Paul Krugman is an economist. He also knows his history and what happens when you ignore it. I know my history. But America has forgotten. Just as we forgot about Vietnam, and are repeating the same mistake in Iraq, so are we repeating the mistakes of the 1920s:
But what we should be asking is: How did we get here?
Why does the financial system need salvation?
Why do mild-mannered economists have to become superheroes?
The answer, at a fundamental level, is that we’re paying the price for willful amnesia. We chose to forget what happened in the 1930s — and having refused to learn from history, we’re repeating it.
Contrary to popular belief, the stock market crash of 1929 wasn’t the defining moment of the Great Depression. What turned an ordinary recession into a civilization-threatening slump was the wave of bank runs that swept across America in 1930 and 1931.

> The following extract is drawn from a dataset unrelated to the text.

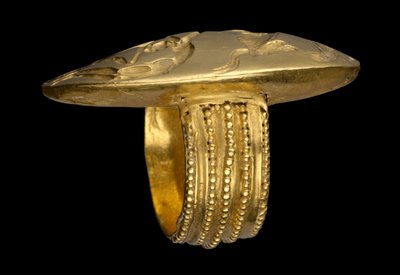 Signet ring, 16th-14th century BC by Greek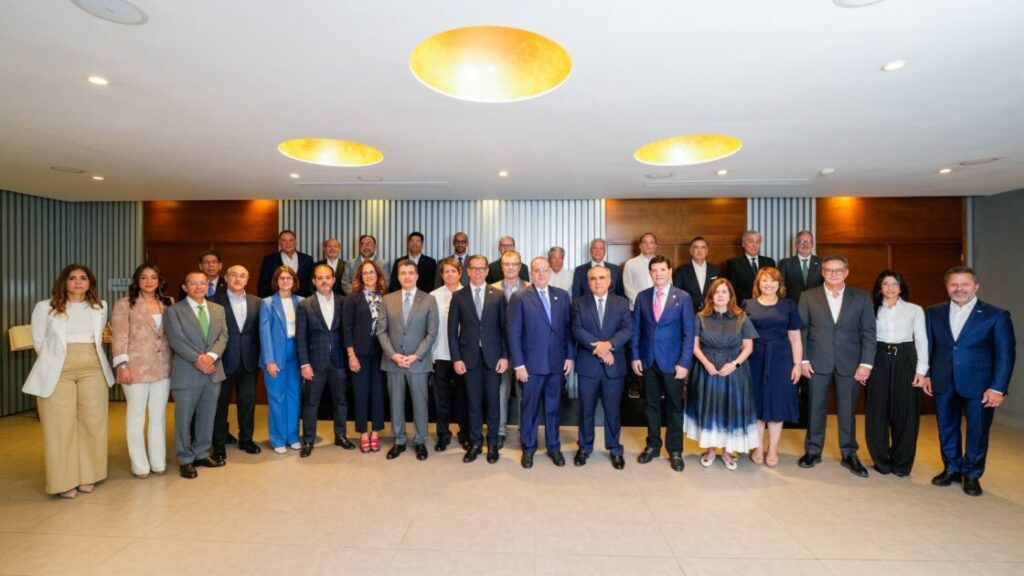 @Magindiazrd sostuvo hoy un encuentro con la Junta de Directores del Consejo Nacional de la Empresa Privada (CONEP)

This banking crisis of the 1930s showed that unregulated, unsupervised financial markets can all too easily suffer catastrophic failure.
As the decades passed, however, that lesson was forgotten — and now we’re relearning it, the hard way.
But the root of the problem is debt. We are drowning in debt. For a long time that debt was profitable for the lenders. But the free ride is over. An economic system that runs on debt is one headed for disaster. We have a disaster on our hands:
If the subprime mortgage mess has taught us anything, it is that we are leverage addicts. Nearly all of us are -- from Northern Virginia, where we bought big houses with no money down, to Wall Street, where traders borrowed cash to make bigger bets on the housing market.
Seeing Zero Percent Interest Until Next Year! on envelopes causes us to tear them open, find the Web address, enter some information and send new credit cards hurtling toward our mailboxes. Financing cars for three years is so passe; we finance them for six or seven. And now we buy -- or used to buy -- houses with pick-your-payment mortgages. We are leveraged from here to China. U.S. consumers spend more than 14 percent of their after-tax income just to stay current on household debt.
The question worth asking now is: Why do we love leverage so much that it hurts?
The simple answer, according to personal finance experts, is that we want more -- more money, more house, more car, just more, more, more. We often think we deserve more. Leverage gets us more. With historically low interest rates, leverage is the easiest and quickest tool to get more stuff.
The problem is that too much leverage has a downside that is easy to overlook. When everyone else is using leverage so successfully to get more, do we wonder what will happen if interest rates go up? Not so much.